And what’s all of this telling us? Well, like I been saying, there’s just too much cash sloshing around chasing too few securities. It’s probably true that the global economy is slowing, and, by way of corroboration, one need to look no further than the performance of the Baltic Dry Shipping Index, plunging like a mofo since the summer:
Now, tempting as it is, I won’t try to hold myself out as an expert on the Baltic Dry. Suffice to say that it is a measure of shipping activity and associated costs, and as such, is viewed by many smart folks as a leading indicator of the well-being of the global capital economy.
And right now, as of the end of the first full week of February, it is annualizing at -99%+, which I reckon ain’t so good.

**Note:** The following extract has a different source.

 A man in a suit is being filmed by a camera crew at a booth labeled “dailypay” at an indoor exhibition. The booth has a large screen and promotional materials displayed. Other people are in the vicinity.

So, with rates on a one way ride on the “down” escalator, and amid indications of an economic slowdown other than acquire market share and/or retire stock, what’s a CEO to do?
We’re most of the way through Q4 earnings and pretty much done with anything about which anyone should care. The projections for the full year of 2019 did drop below the socialized Mendoza Line of $170/share on the SPX this week, and the trend-lines aren’t pretty. But hey, it’s early in the year, and if nothing else, there’s always the above-mentioned acquisitions and buybacks upon which to fall back, now isn’t there?
In terms of the upcoming week, there are two important deadlines to consider, both of which happen to fall on Friday. First, the historic 3-week budget deal struck in January expires on that day. And, while the legislatures are at it, they may want to fold in something that also expands the debt ceiling – perhaps permanently – as our ever-voracious Treasury is expected to reach yet another limit of its statutory borrowing powers – the 10th such milestone this century – on or about March 2nd. The latest headlines indicate that the two sides are yet again at an impasse, but I’m not overly concerned. Because if there’s any topics upon which politicians can overcome otherwise intractable differences, it’s their pressing need to spend borrowed money.
Feb 15th also marks the 45-day hedge fund redemption window, and, like the market rally itself, it looks like perhaps my clients and their peers may dodge a 100-year flood. Absent the post-Christmas equity melt-up (in which most funds at least nominally participated), the deluge did appear to be in the offing. However, I suspect that the numbers now will be more benign, and, from a personal perspective, I will thank God for that.
There’s not much else on the immediate horizon that appears likely to either enchant us or vex us, so I’ll close with a couple of risk management warnings. First, Thursday is Saint Valentine’s Day, and I suggest that those who do not wish to be flamed by their flames take the trouble to adhere to prevailing protocols.
Because, with extreme negligence, they risk complete Exile from Flame Street. And as for the Stones, they remain tax exiles from their native United Kingdom. Mick Taylor is long gone, replaced by the accessible but uninspiring Ronnie Wood. Bassist Bill Wyman, now an octogenarian, also split the scene, replaced by Daryl Jones, who contributes much, but somehow has not been granted band membership status. My advice to them is that the clock is ticking, and that they should amend this oversight before it’s too late.
The band is now said to be working on a new album – their first containing original compositions since 2005, and will take the material out on their 1,223,407th World Tour. But in terms of the locus of the studio, you can bet your boots it will be outside of the reach of Inland Revenue. Mick spends a great deal of time in New York these days, and if he’s following the news, he may be aware that state tax revenues are sinking like, well, sinking like a stone, and that even Governor Cuomo has warned the masses that they can only tax the local fat cats so much before they pull their own en masse Exile from the Empire State.
For this reason and others, it may behoove us to watch them, and pick up some pointers to deal with what may be the menacing reach of our own revenuers – which may be coming to a venue near you, and sooner than you think.